企业搜索引擎开发之连接器connector(十)

这里分析一下FeedConnection接口及其实现类GsaFeedConnection相关源码:

FeedConnection接口源码如下: 

/**

 * Interface for a feed connection. This takes in a data source name and a data

 * source object that contains the data to be sent.  The actual connection to

 * the feed server should be established by the implementation during

 * construction or initialization.

 */

public interface FeedConnection {



  /**

   * Sends data contained in the given data object identified as the given data

   * source name.

   *

   * @param feedData an object that encapsulates the feed data that needs to be

   *        sent by the <code>FeedConnection</code>.

   * @return response from the feed server.

   * @throws FeedException if problem extracting the data or sending it.

   * @throws RepositoryException if problem retrieving data from the Connector.

   */

  public String sendData(FeedData feedData)

      throws FeedException, RepositoryException;



  /**

   * Returns true if the Feed host has large number of unprocessed Feed items.

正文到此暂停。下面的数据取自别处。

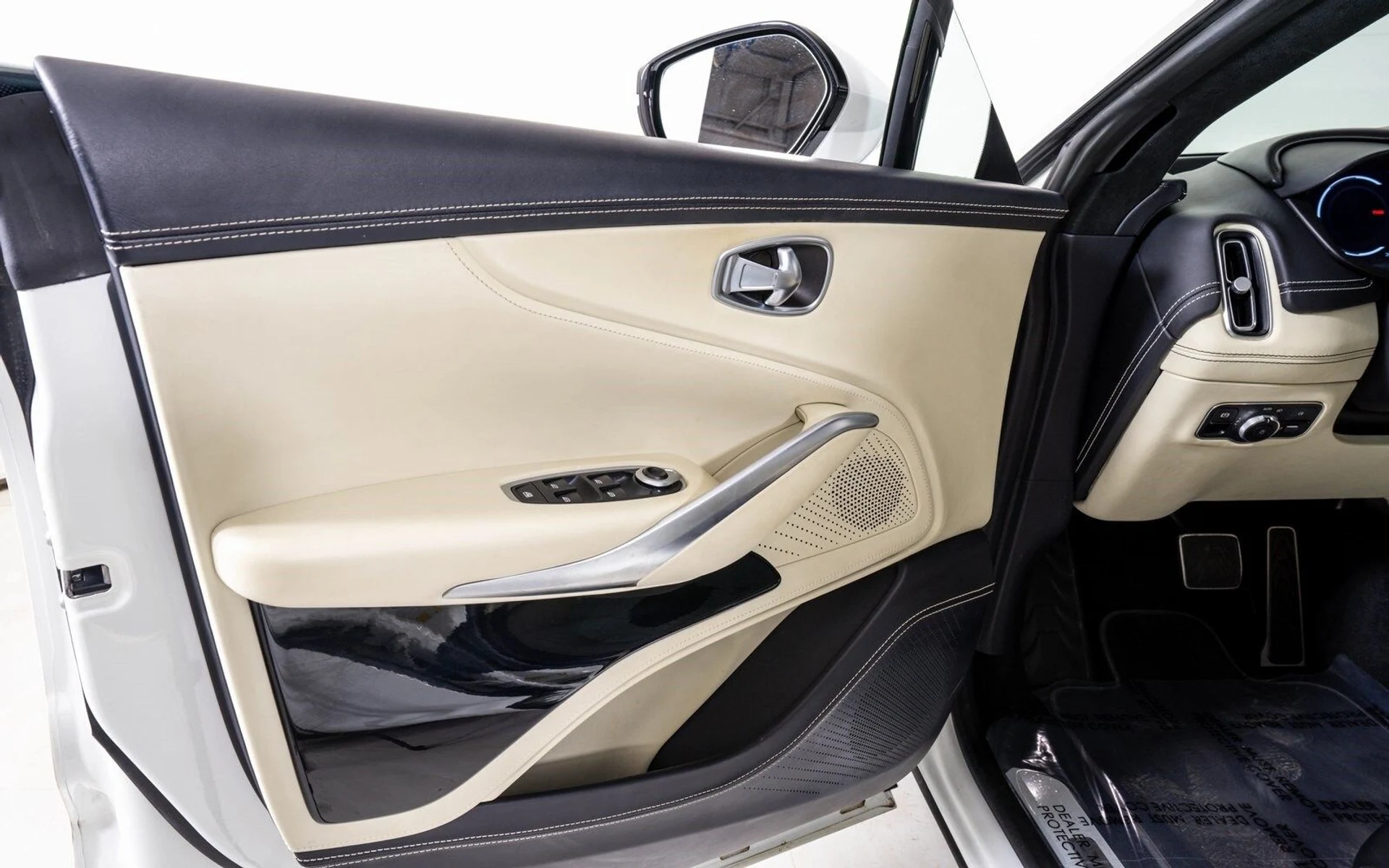 mph013_2117261233_811a0d348e3a7f0ee2c6874a4f04786fx_ff9356f3dd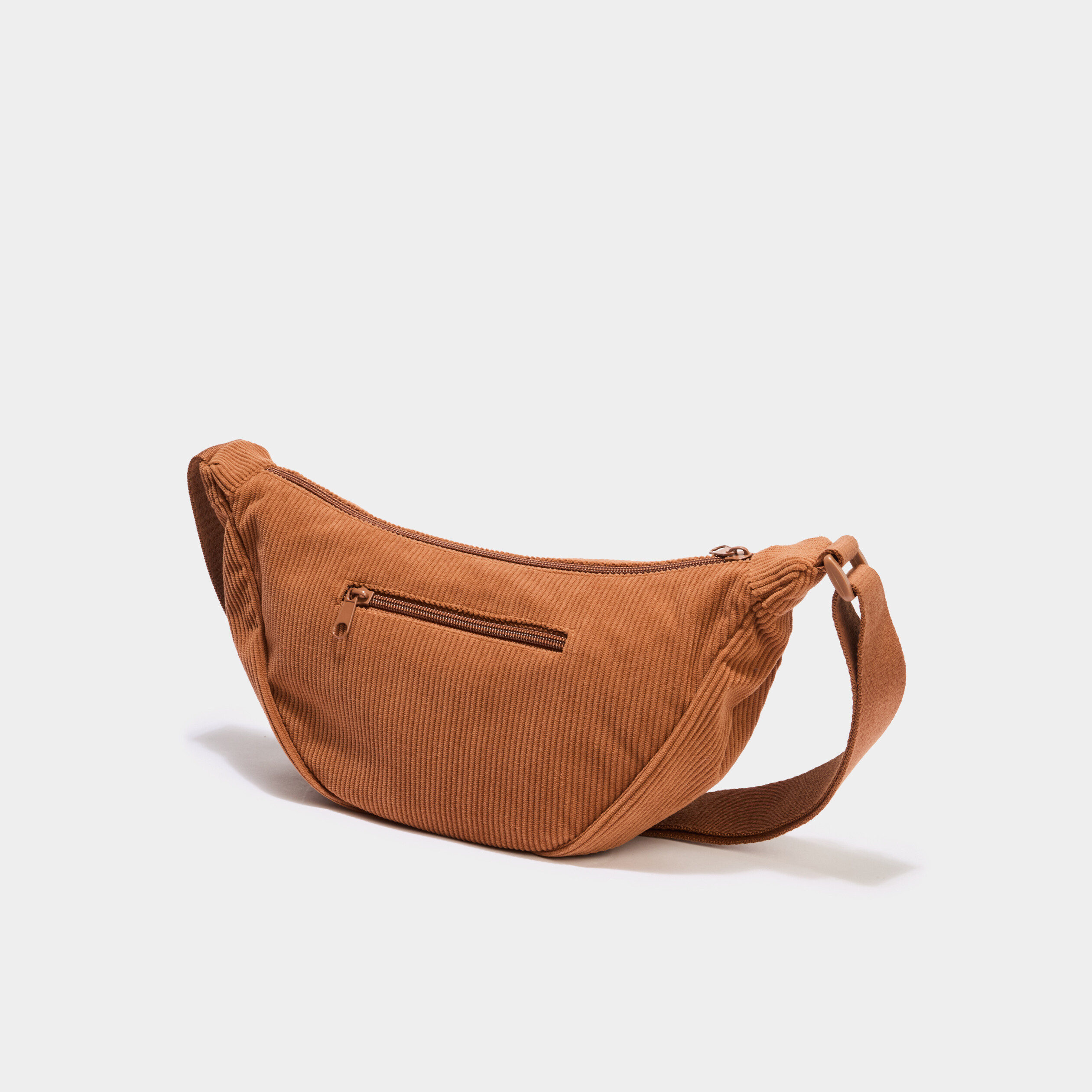 Sac banane effet velours c&ocirc;tel&eacute; camel femme
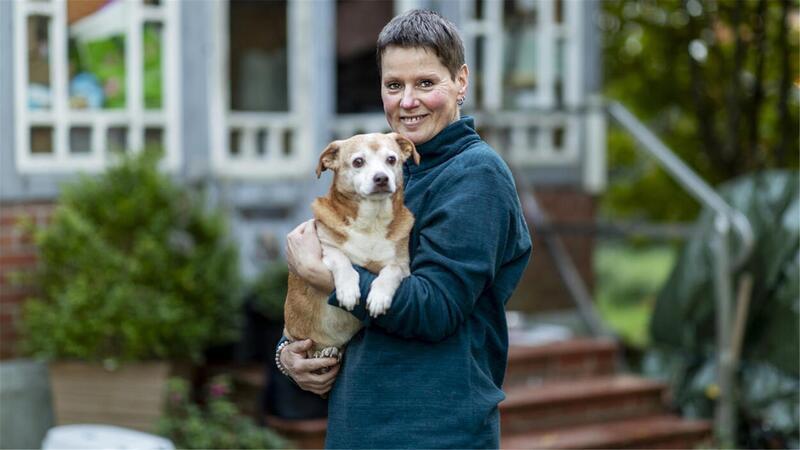 Warum Doris Urban ihr Leben den Hunden widmet Mit ihr begann alles vor elf Jahren: Doris Urban mit Lotta vor ihrem Haus „Lotta im Glück“ in Neuenkirchen.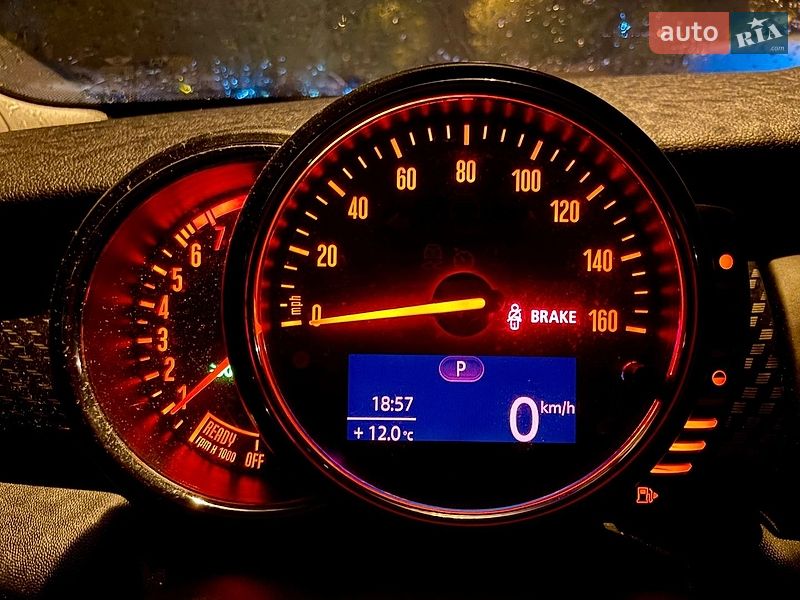 Хетчбек MINI Cooper 2014 в Києві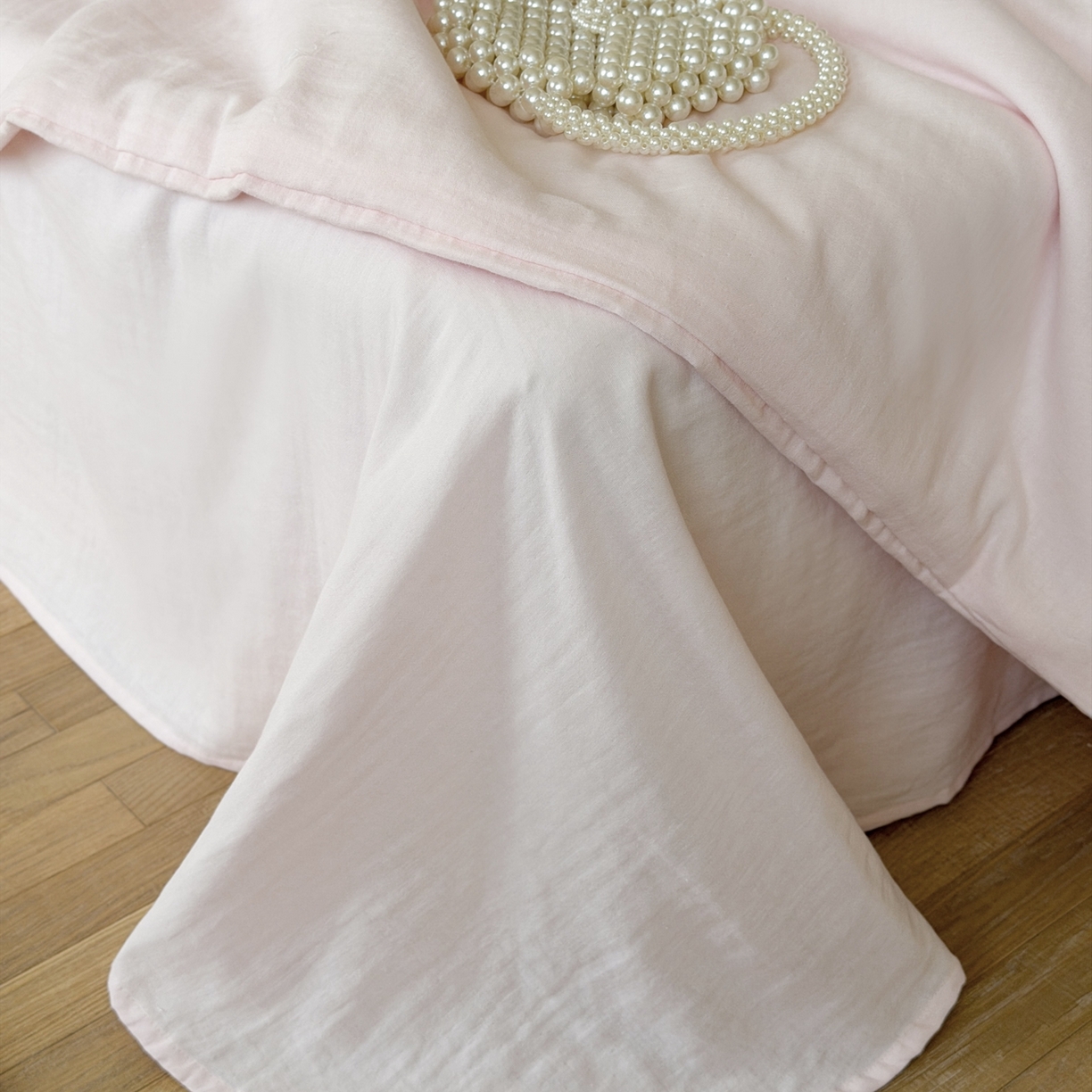 91家纺网 家纺一手货源 找家纺 鹿班家居 2026春夏新款全棉皱皱纱刺绣夏被夏凉被空调被-糯糯奶泡（标准会员-20元） 糯糯奶泡-粉色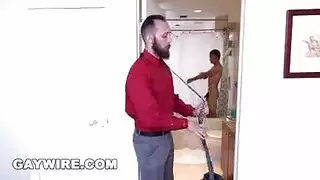 أبي يجعل ابنته تأكل الديك الكبير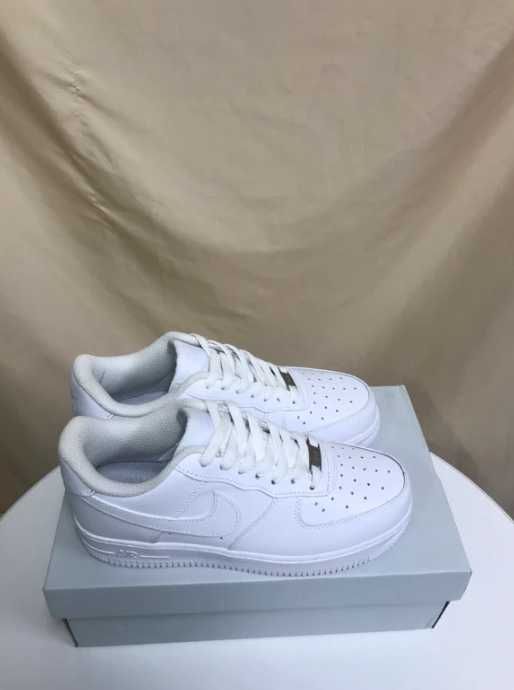 Nike Air Force 1 Białe 37.5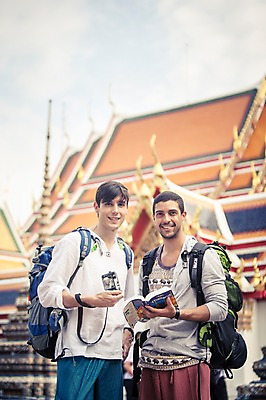 포토 JPG 주간 서양인 외국인 라이프스타일 남자 맨라이프 해외여행 여행 불교 배낭 태국 2014년태국 서기 미소 들기 사람 상반신 20대 성인 야외 두명 앞모습 친구 청춘 사찰 사원 배낭여행 방콕 왓포 성인남자만 청년만 청년남자만 국내포토 자연요소 해외기획촬영 해외 아시아 종교 뷰포인트 컨셉 가방 비즈니스 관계 종교건축 모션 표정 인종 청년 생활 남자만 성인만 파일형식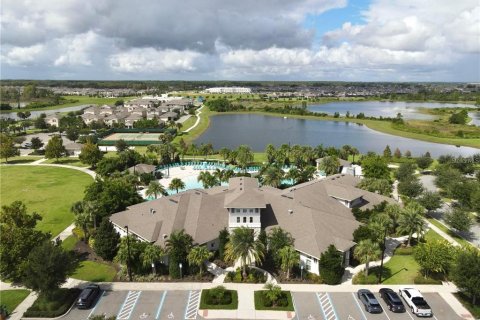 House in Winter Garden, Florida 4 bedrooms, 229.84 sq.m. № 2118947 - photo 13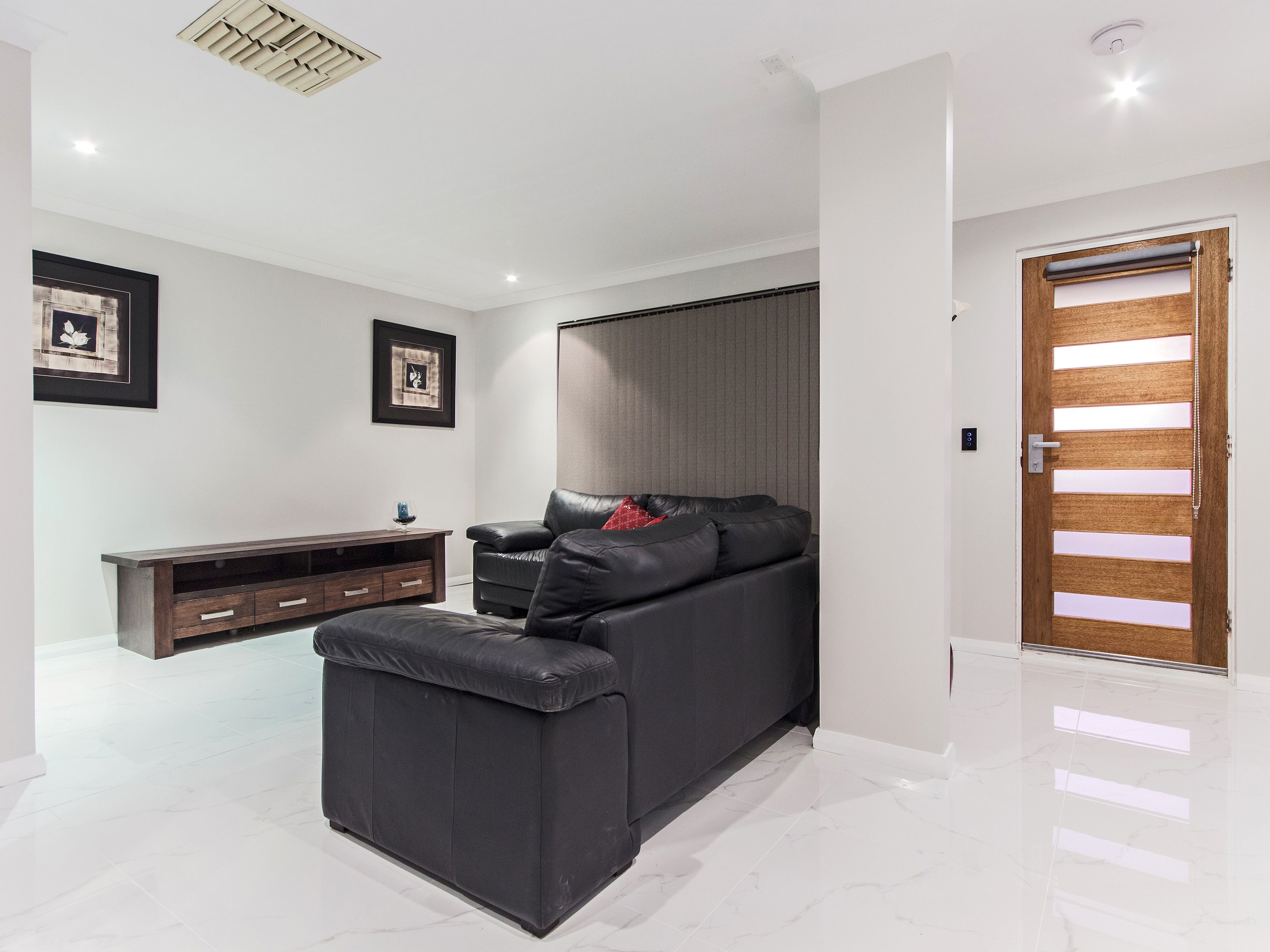 2 Enlie Lane, Warnbro, WA 6169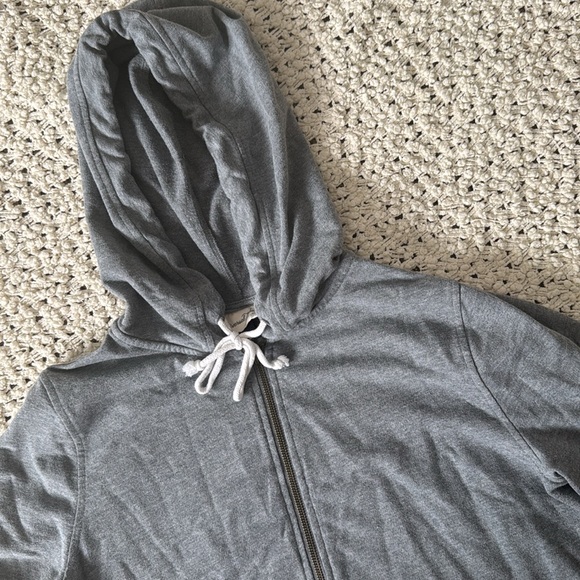 🩶 Universal Thread Hooded Jacket 🩶 - Picture 2 of 6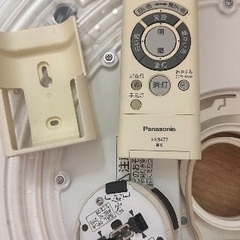 🟨 LEDシーリングライト番号15 Panasonic 2011年製 【多機能】大阪市内 配達無料 保管場所での引取りは値引きします の画像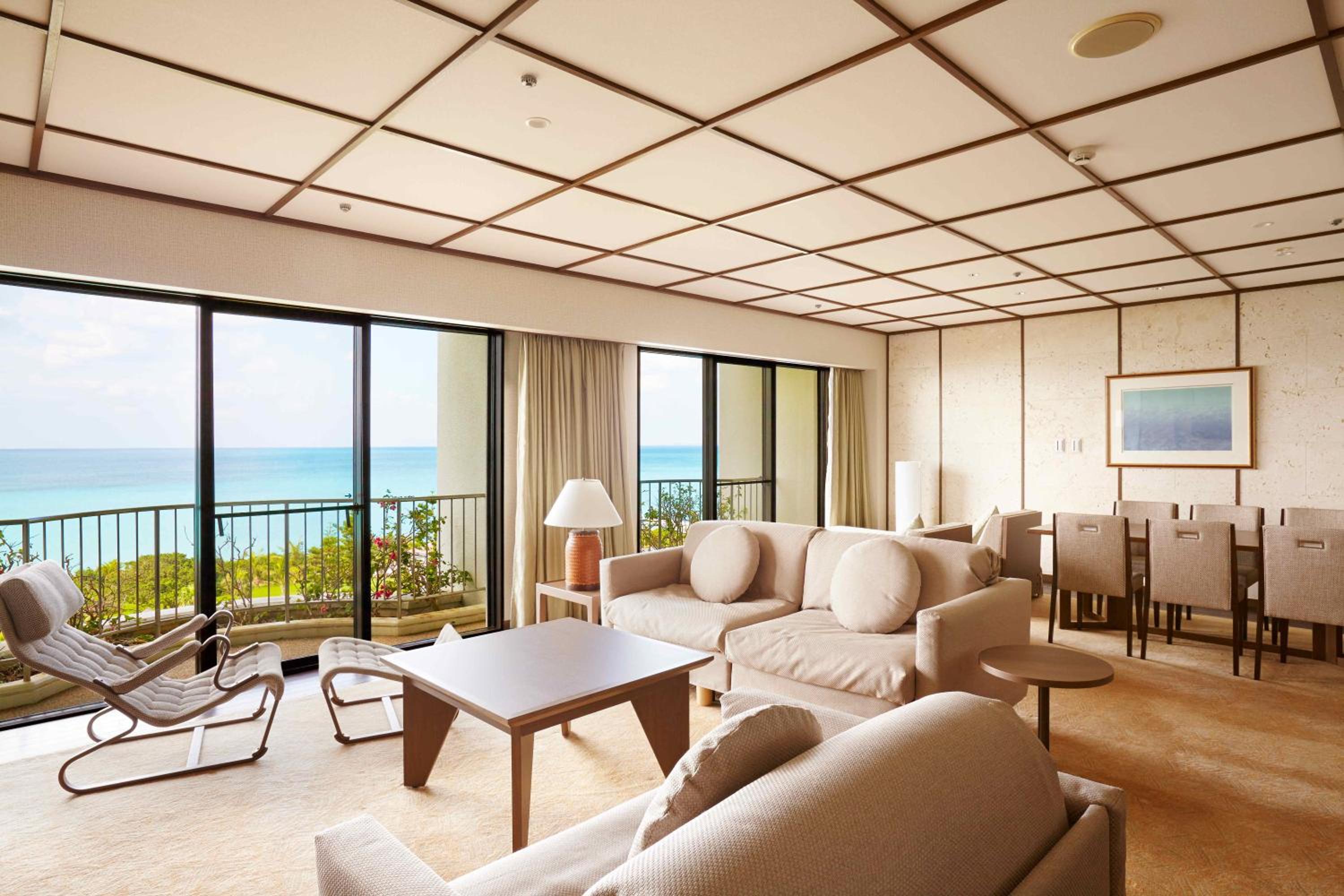 Grand Twin Room with Living Area with Kitchenette - Non-Smoking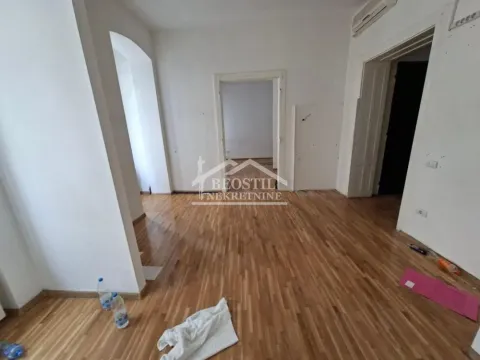 Izdavanje, poslovni prostor, 594m², Stari Grad, Beograd - image 17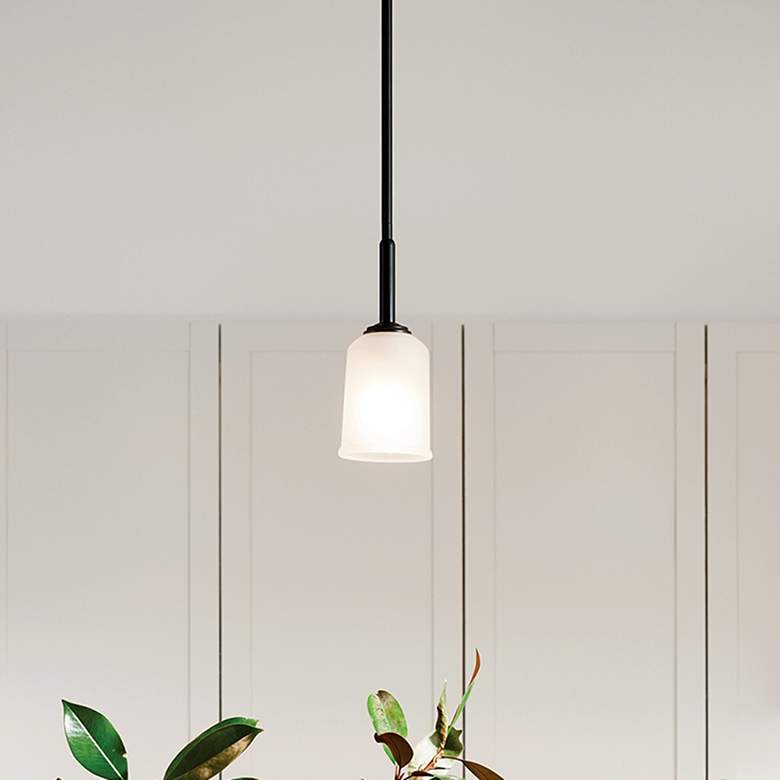 Image 1 Kichler Shailene Chandelier 9Lt
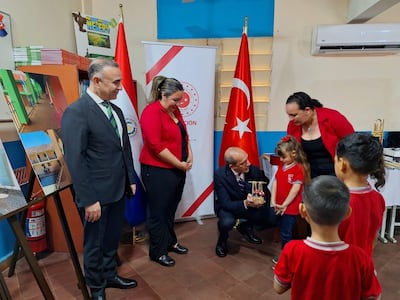 El embajador de Türkiye en Paraguay, Yavuz Kül, el viceministro de Exteriores, Víctor Alfredo Verdún durante la donación enviada por la Agencia turca de cooperación internacional a la Escuela República de Türkiye, de Luque.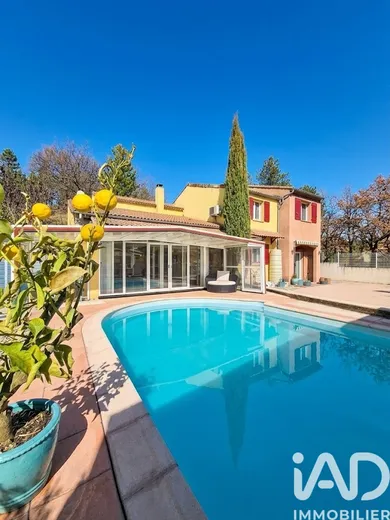 Traditional house in Bevons (04200)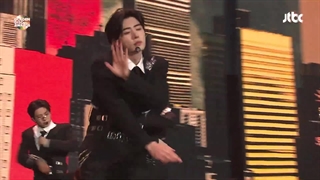 اجرای ”Intro + XO (Only If You Say Yes) + No Doubt + Moonstruck“ انهایپن در مراسم 39th Golden Disc Awards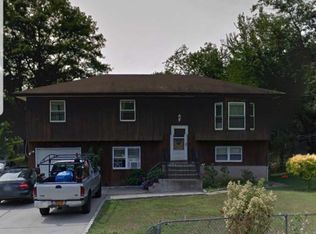 476 Glenmore Ave, Central Islip, NY 11722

   * The Feed host may temporarily stop processing Feed items during periodic

   * maintenance, when resetting the index, during system configuration, or

   * due to certain error conditions. If backlogged, the Feed client may choose

   * to throttle back its feeds until the backlog clears.

   *

   * @return true if the Feed host is known to be backlogged processing feeds,

   *         false otherwise.

   */

  public boolean isBacklogged();



  /**

   * Return a String consisting of a comma-separated list supported content

   * encodings.  For instance: "base64binary, base64compressed".

   *

   * @return supported content encodings.

   */

  public String getContentEncodings();



}

方法String sendData(FeedData feedData)向应用中心发送数据;boolean isBacklogged()检查应用中心是否可用;String getContentEncodings()检测应用中心支持的编码类型

实现类GsaFeedConnection源码如下:

/**

 * Opens a connection to a url and sends data to it.

 */

public class GsaFeedConnection implements FeedConnection {



  /**

   * The GSA's response when it successfully receives a feed.

   */

  public static final String SUCCESS_RESPONSE = "Success";



  /**

   * The GSA's response when the client is not authorized to send feeds.

   */

  public static final String UNAUTHORIZED_RESPONSE =

      "Error - Unauthorized Request";



  /**

   * The GSA's response when it runs out of disk space.

   */

  public static final String DISKFULL_RESPONSE =

      "Feed not accepted due to insufficient disk space.";



  /**

   * The GSA's response when there was an internal error.

   */

  public static final String INTERNAL_ERROR_RESPONSE = "Internal Error";



  // Multipart/form-data uploads require a boundary to delimit controls.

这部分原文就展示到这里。